New enhanced hybrid glulam-framed OSB wall for tall timber buildings

Abstract

The article covers the cyclic lateral performance of a new hybrid timber shear wall called GLUlam-Frame OSB (GLUFO), composed of glulam frames connected to OSB (Oriented-Strand Board) sheathing panels and conventional nails. The key constructive detail of this new wall relies in that the OSB sheathings are embedded at grooved glulam members, which largely enhance the lateral strength capacity and stiffness of the element than the conventional light-frame timber or Cross-Laminated Timber (CLT) walls.
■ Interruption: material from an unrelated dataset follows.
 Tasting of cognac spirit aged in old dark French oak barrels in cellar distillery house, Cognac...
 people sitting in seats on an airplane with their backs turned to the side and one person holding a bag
The experimental campaign includes the Framing-to-Panel (F2P) connections and full-scale wall testing under cyclic loads. The wall failed due to a horizontal tensile fracture along the top beam, mainly caused by insufficient nail spacing. However, the wall reached a lateral drift of 1.48 % and a ductility of 5.8, which could have been higher if the failure had not occurred. Moreover, the proposed wall is three times stronger and stiffer than a conventional CLT wall and comprises one-fourth of the wood amount (0.89 m3) compared to a CLT wall of similar strength capacity. Finally, the proposed wall was characterized by a nonlinear macro-Finite Element (FE) model, whose F2P connections were simulated with the MSTEW hysteretic model, and three Single-Degree-Of-Freedom (SDOF) models, each with a different hysteretic model from the literature (MSTEW, DowelType, and ASPID). All numerical models show an error of up to 8 % for the lateral strength capacity, while the SDOF models are more precise for the energy dissipation prediction, with a error lower than 4.3 % and R2 for their history over 99.5 %. Hence, both numerical models provide a feasible alternative to simulate this new wall prototype.